[MATERIALS PROVIDED Boundary: Start]

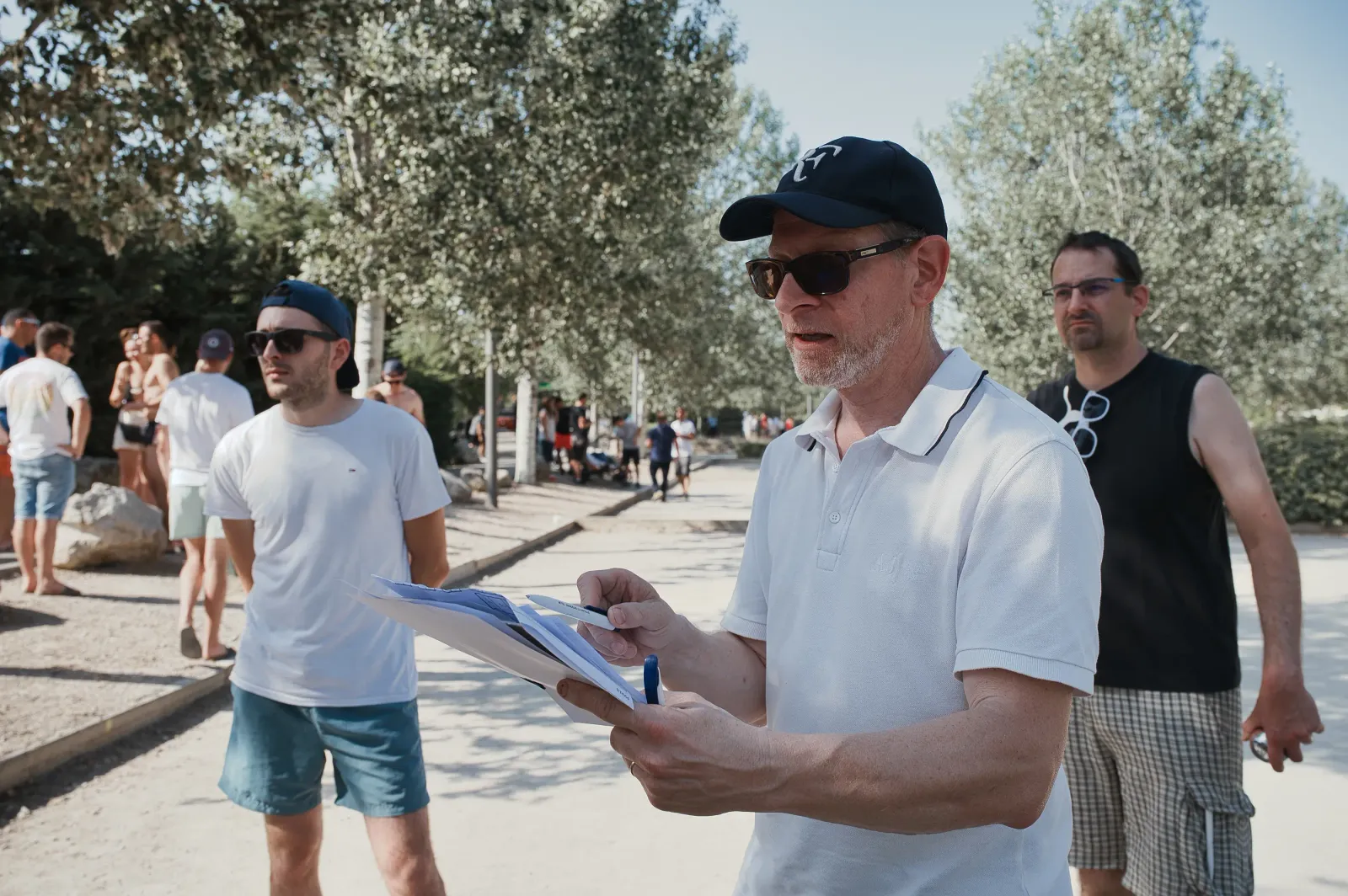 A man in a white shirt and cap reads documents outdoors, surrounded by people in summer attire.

[MATERIALS PROVIDED Boundary: End]
[MATERIALS PROVIDED Boundary: Start]

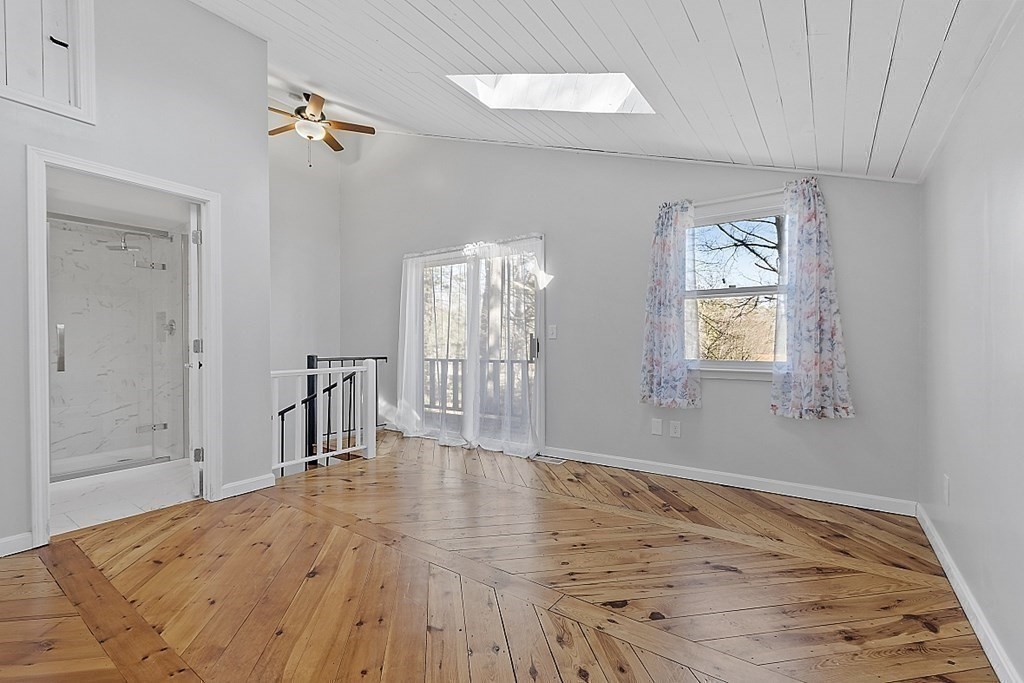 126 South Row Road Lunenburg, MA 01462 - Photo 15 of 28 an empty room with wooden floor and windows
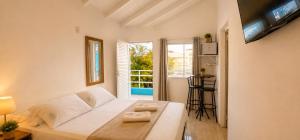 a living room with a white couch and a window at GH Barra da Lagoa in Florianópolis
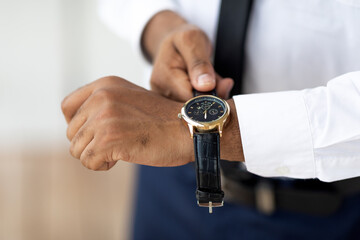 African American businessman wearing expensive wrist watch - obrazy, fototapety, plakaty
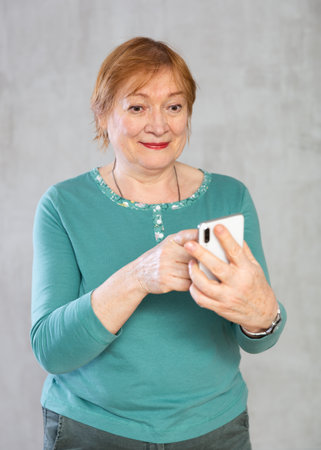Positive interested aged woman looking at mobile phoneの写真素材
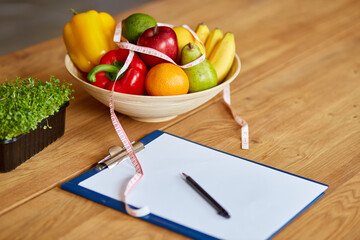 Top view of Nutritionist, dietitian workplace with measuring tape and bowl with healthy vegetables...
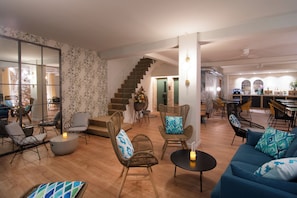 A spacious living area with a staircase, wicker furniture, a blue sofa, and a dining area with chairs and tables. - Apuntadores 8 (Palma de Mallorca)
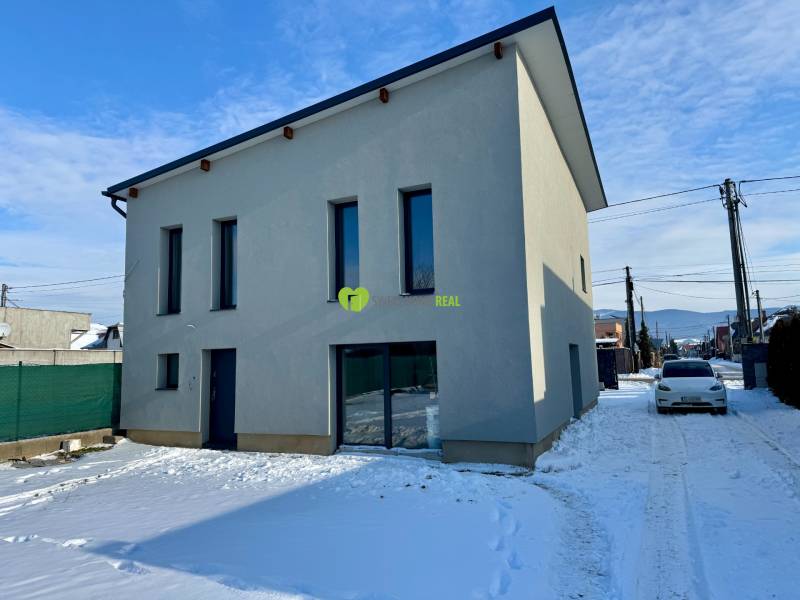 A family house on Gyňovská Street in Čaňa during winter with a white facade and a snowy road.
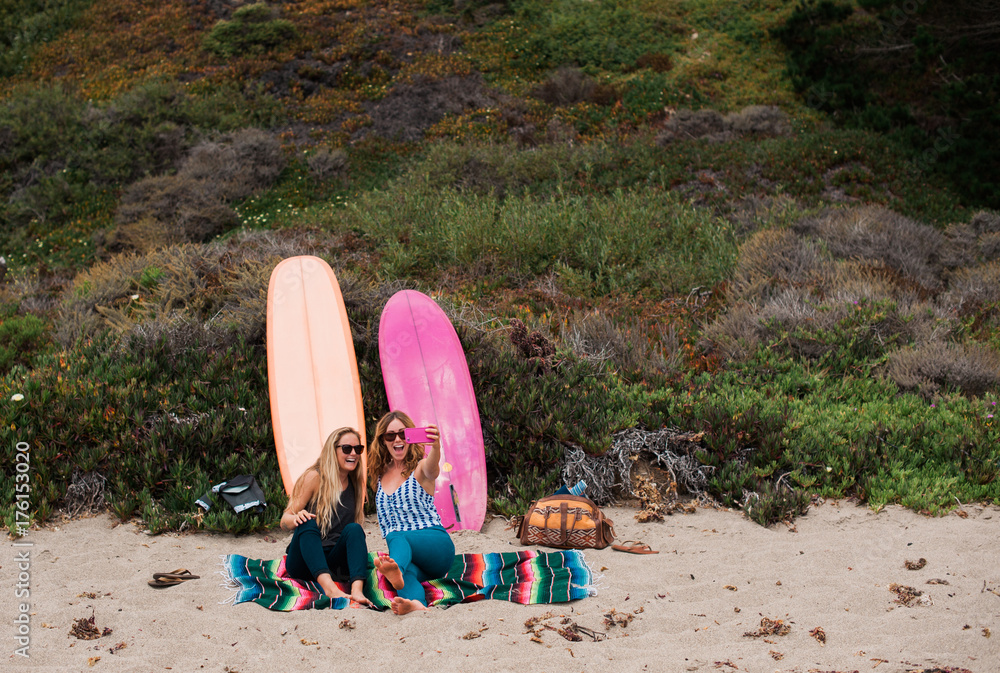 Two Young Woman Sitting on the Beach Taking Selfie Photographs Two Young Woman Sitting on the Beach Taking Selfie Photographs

[MATERIALS PROVIDED Boundary: End]

Give back the exact lines above, running from the one that has "African American businessman" through the one that has "Selfie Photographs Two", with nothing added and no pictures.

 African American businessman wearing expensive wrist watch - obrazy, fototapety, plakaty
Positive interested aged woman looking at mobile phoneの写真素材
 Top view of Nutritionist, dietitian workplace with measuring tape and bowl with healthy vegetables...
 A spacious living area with a staircase, wicker furniture, a blue sofa, and a dining area with chairs and tables. - Apuntadores 8 (Palma de Mallorca)
 A family house on Gyňovská Street in Čaňa during winter with a white facade and a snowy road.
 Two Young Woman Sitting on the Beach Taking Selfie Photographs Two Young Woman Sitting on the Beach Taking Selfie Photographs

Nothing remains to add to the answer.